YOUR OBJECTIVE: For this exercise, retype the lines from the one that holds "Vitriol Sabrina T-Shirt" through the one that holds "Maxgear 72-0046 - Втулка" in the records below, both included, exactly and without pictures.

Saved data entries
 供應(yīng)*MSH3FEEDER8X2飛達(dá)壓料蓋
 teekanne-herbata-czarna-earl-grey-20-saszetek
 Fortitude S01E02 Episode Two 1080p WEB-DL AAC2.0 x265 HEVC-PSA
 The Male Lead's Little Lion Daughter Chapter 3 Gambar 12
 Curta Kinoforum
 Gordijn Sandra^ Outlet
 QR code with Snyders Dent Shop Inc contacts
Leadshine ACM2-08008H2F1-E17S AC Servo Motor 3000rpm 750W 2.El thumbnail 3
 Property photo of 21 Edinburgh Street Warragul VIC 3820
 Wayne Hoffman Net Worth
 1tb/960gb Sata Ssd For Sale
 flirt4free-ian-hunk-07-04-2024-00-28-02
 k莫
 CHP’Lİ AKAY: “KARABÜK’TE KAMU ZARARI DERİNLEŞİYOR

--

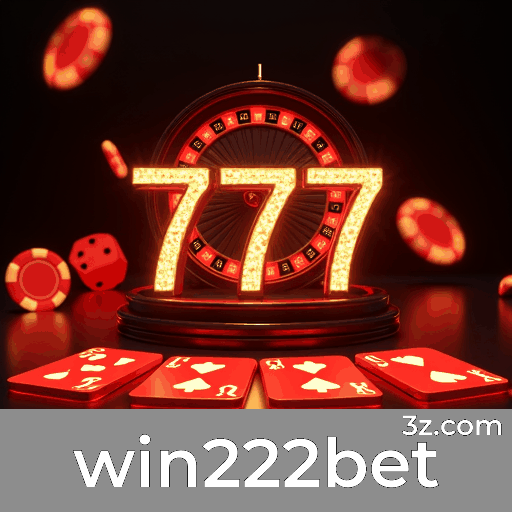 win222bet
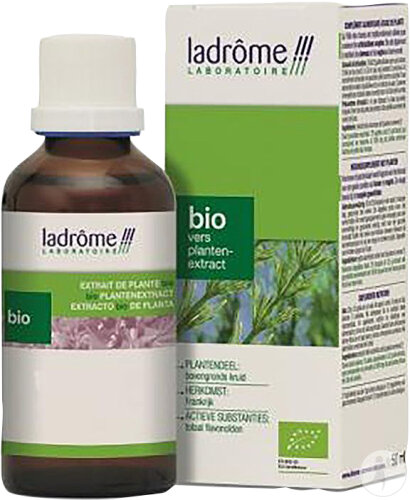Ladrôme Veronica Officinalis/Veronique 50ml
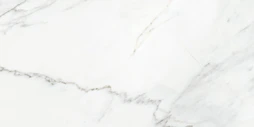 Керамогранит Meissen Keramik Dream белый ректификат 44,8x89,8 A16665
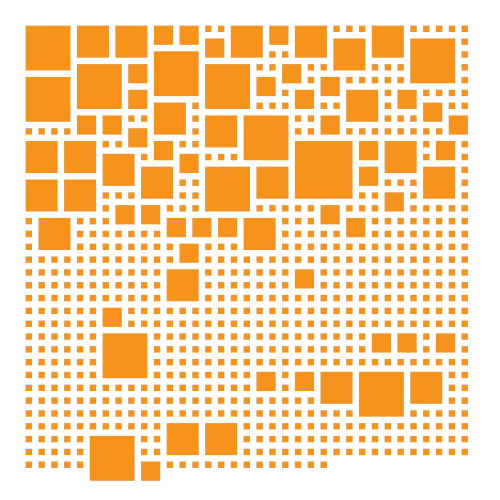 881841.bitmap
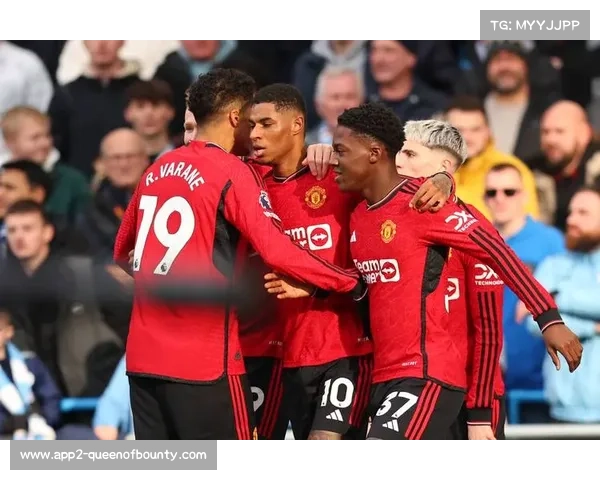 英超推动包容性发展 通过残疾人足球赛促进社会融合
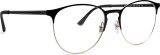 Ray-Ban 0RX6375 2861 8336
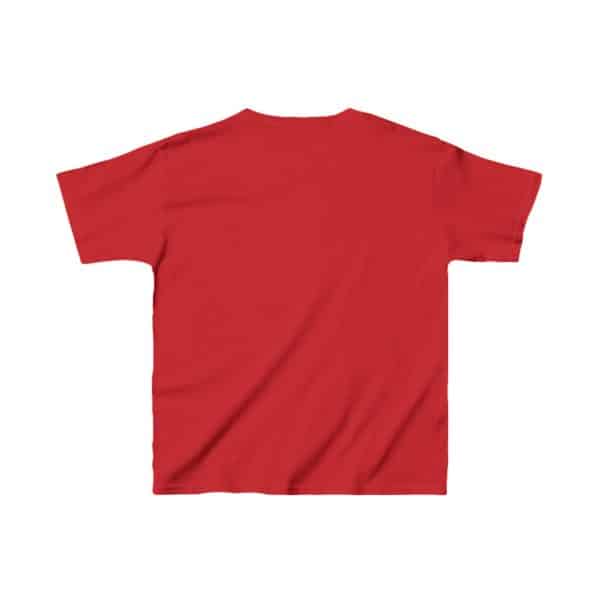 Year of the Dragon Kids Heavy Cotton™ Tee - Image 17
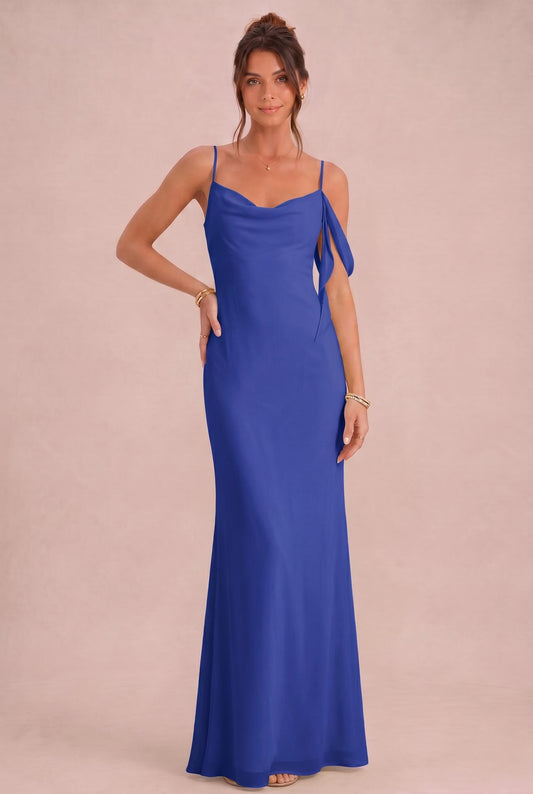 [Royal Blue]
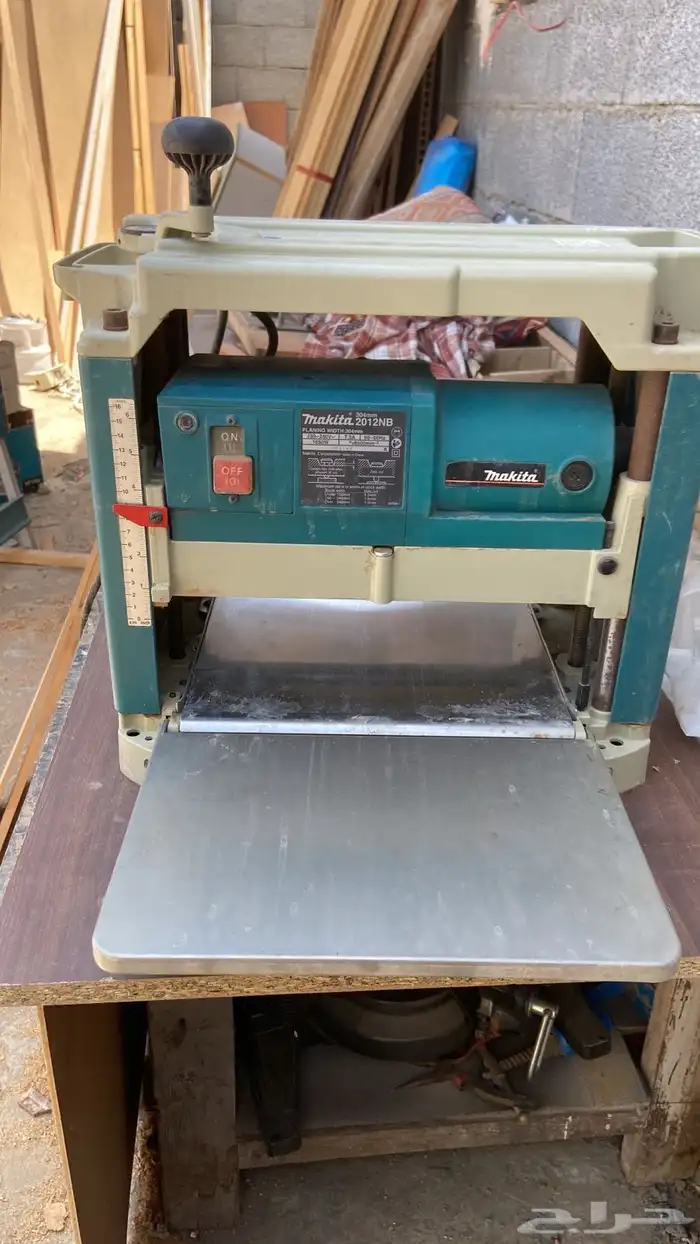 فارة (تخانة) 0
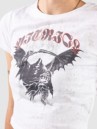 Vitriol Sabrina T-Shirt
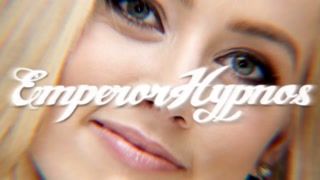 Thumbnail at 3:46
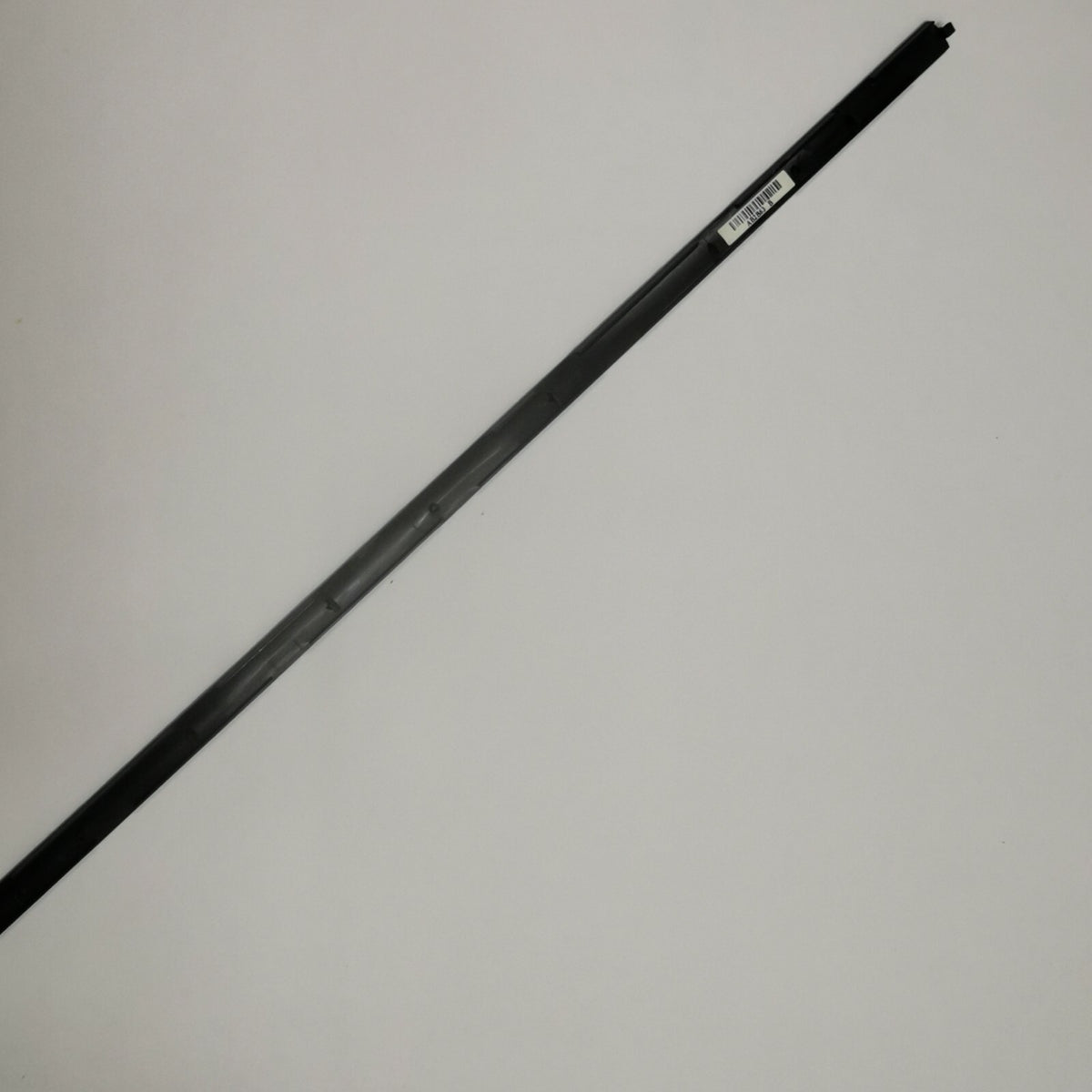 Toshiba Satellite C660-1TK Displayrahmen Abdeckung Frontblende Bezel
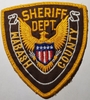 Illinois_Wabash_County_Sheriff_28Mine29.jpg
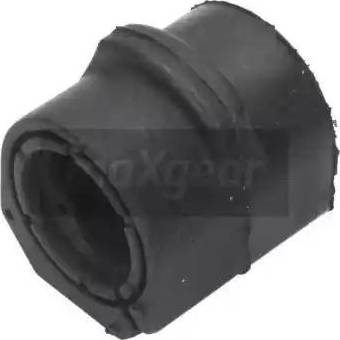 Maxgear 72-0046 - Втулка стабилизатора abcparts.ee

WORKED SOLUTION:
 Vitriol Sabrina T-Shirt
 Thumbnail at 3:46
 Toshiba Satellite C660-1TK Displayrahmen Abdeckung Frontblende Bezel
 Illinois_Wabash_County_Sheriff_28Mine29.jpg
 Maxgear 72-0046 - Втулка стабилизатора abcparts.ee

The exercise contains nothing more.